Son, I pray that the Lord will enable me the next nine years to not get so caught up in the rush and hurry of life that I lose that perspective. We have ten summers left. Let’s make the most of them.

Saturday, November 20, 2010

Thesis and Writing

Years ago, my parents had a very painful exit from a church. Through that experience I witnessed the destructive force of what is called "spiritual abuse." I saw how devastating pastoral abuse is to a Christian’s psyche, sense of worth, relation to the local church, and at times one’s personal relationship with God. I saw how the kingdom of God can be hindered when a pastor abuses God’s people.

During that time I came across Ron Enroth’s book Churches that Abuse and was introduced for the first time to the term spiritual abuse or pastoral abuse. I then began reading and researching the subject and making some of my findings available to others whom I knew had experienced similar abuse. Over time I developed a burden to see victims of spiritual abuse helped, healed, and restored. I desire to see those persons who have been abused by the church to not become casualties in the kingdom of God but instead to become resilient, bouncing back closer to the Lord and more fruitful for His kingdom.

I spent years researching and writing my doctoral thesis, Moving Forward: A Descriptive Study of the Factors that Make People Resilient to Pastoral Abuse in Southern Baptist Churches, describing the characteristics of abusive religious systems and the processes that people go through in order to heal, become resilient, and move forward from spiritual abuse.

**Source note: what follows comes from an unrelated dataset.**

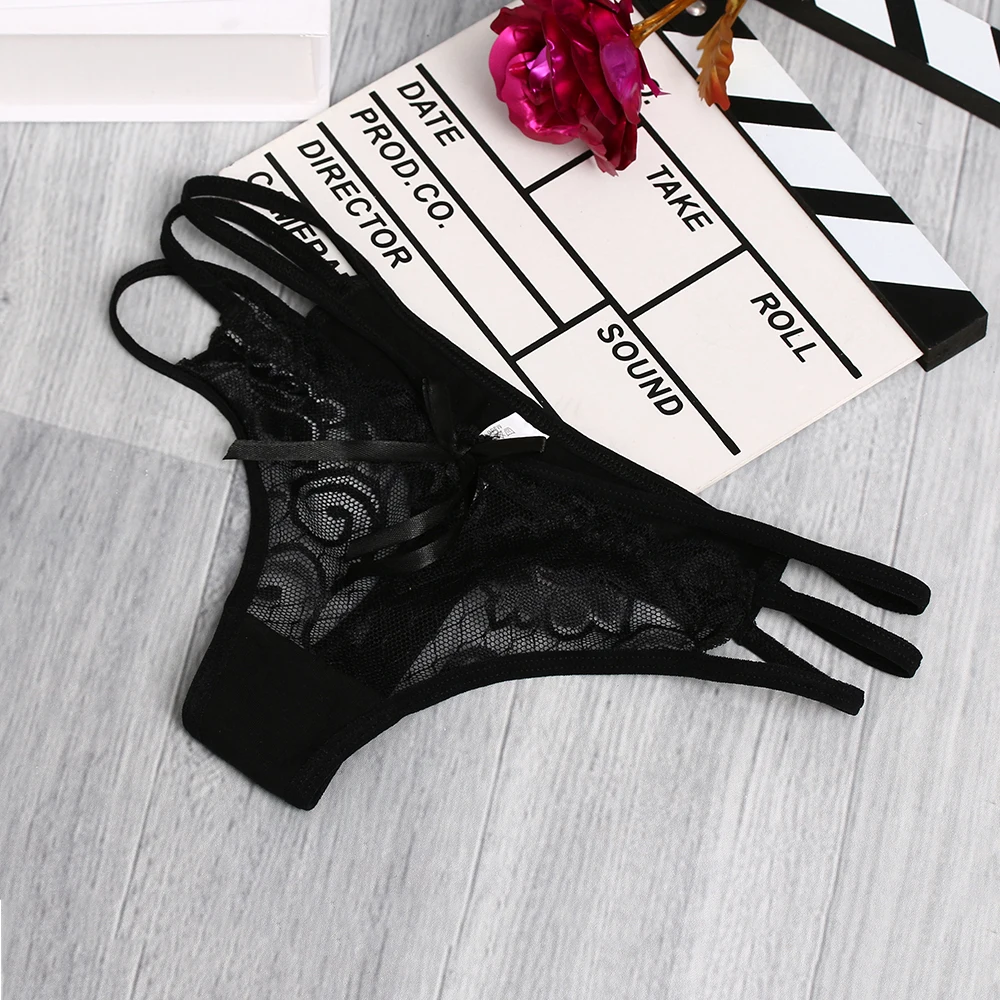 Женские кружевные стринги прозрачные бандажные 2019|designer briefs|panties underwearlace panties |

What is spiritual abuse? Enroth describes spiritual abuse in his own words:

Unlike physical abuse that often results in bruised bodies, spiritual and
pastoral abuse leaves scars on the psyche and soul. It is inflicted by
persons who are accorded respect and honor in our society by virtue
of their role as religious leaders and models of spiritual authority. They
base that authority on the Bible, the Word of God, and see themselves
as shepherds with a sacred trust. But when they violate that trust and when
they misuse ecclesiastical power to control and manipulate the flock, the
results can be catastrophic. The perversion of power that we see in abusive churches disrupts and divides families, fosters an unhealthy dependence of members on the leadership, and creates, ultimately, spiritual confusion in the lives of victims.
(Grand Rapids, MI: Zondervan House, 1992, p. 29)

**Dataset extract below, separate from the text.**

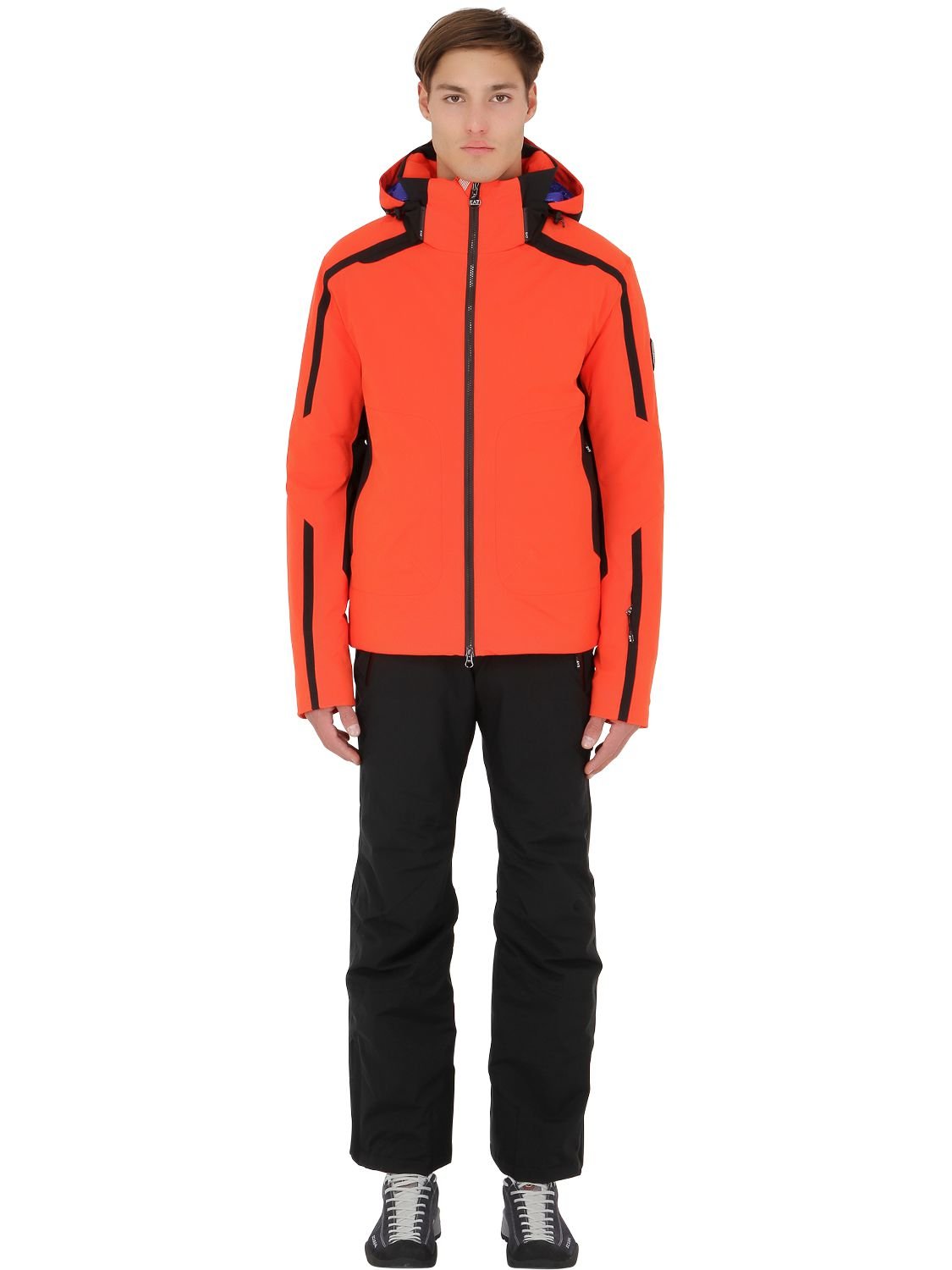 Lyst - Ea7 Water Resistant Nylon Ski Jacket in Orange for Men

In the coming days as I review my thesis and as I write towards a book proposal, I will be posting a number things. My goal is to write a non-fiction book for the person who has been burned by the church - or by a pastor. I would want this person to pick it up and find hope and healing in the Lord.

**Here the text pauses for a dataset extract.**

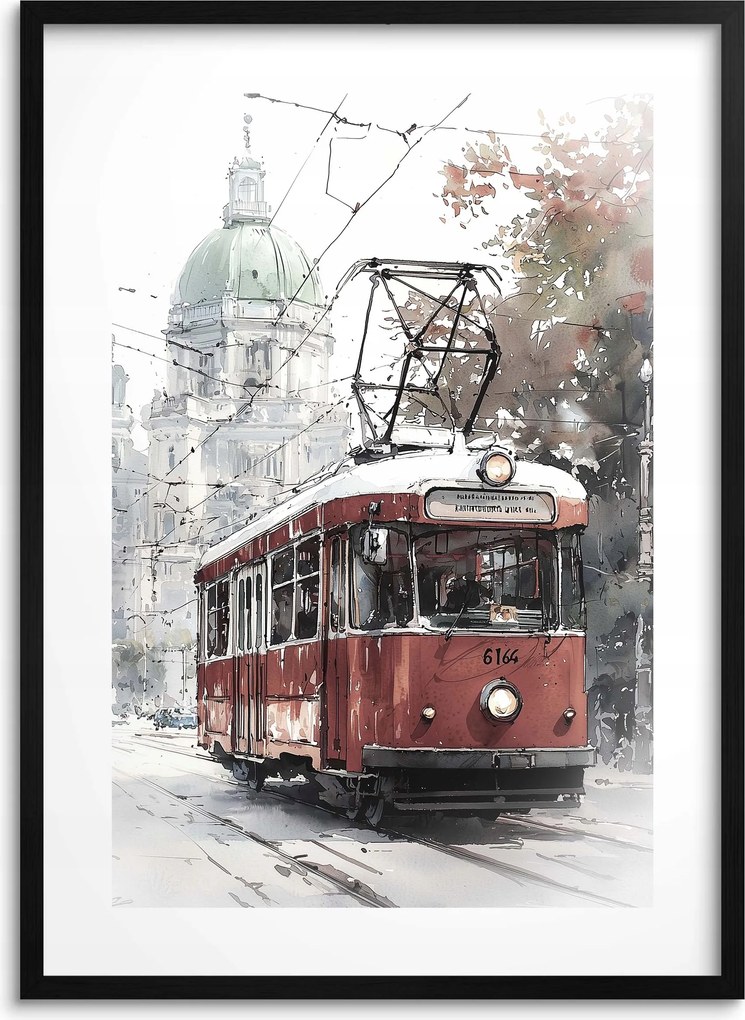 Poszter Kép Piros villamos Retro falikép irodai nappali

If you see something I post that is helpful to you, let me know. That may spur me on to use some of that material in the book.

Wednesday, November 17, 2010

Getting Out of the Boat

This picture designates a new day in our lives. This picture was taken the first Sunday after we got out of the boat! It was my oldest son's birthday, we went to church with some great friends at Brookwood Church in Simpsonville, and we all went to eat at Moe's. What fun! And the joy for us of knowing we had obeyed the Lord and were starting a fresh chapter of life!

After nine years of ministry in one church, after months of seeking to listen to the Lord (through the Word, prayer, counsel, and circumstances), my wife and I knew that God was challenging us to "get down out of the boat" (Matthew 14:29) and trust Him for the next season of our lives. For months, we knew that the next step of our lives would be a big one in the dark (Hebrews 11:8).

When we got to the place where we knew the voice of the Lord, we had two options - stay in the boat or get out of the boat. So, we stepped on out. During this time in our lives, we plan on focusing on several things . . .

1) A time of Sabbath and renewal.
2) A time for Rhett to spend writing. He is taking his doctoral thesis on the subject of healing from church-pastor abuse and putting it into a book proposal.
3) Exploring what our next season of life will be.

In this blog I will be sharing insights that we are learning as we get out of the boat and walk with the Lord. Also, I will be sharing part of my writings and findings on the subject of healing and moving forward from spiritual-pastoral abuse.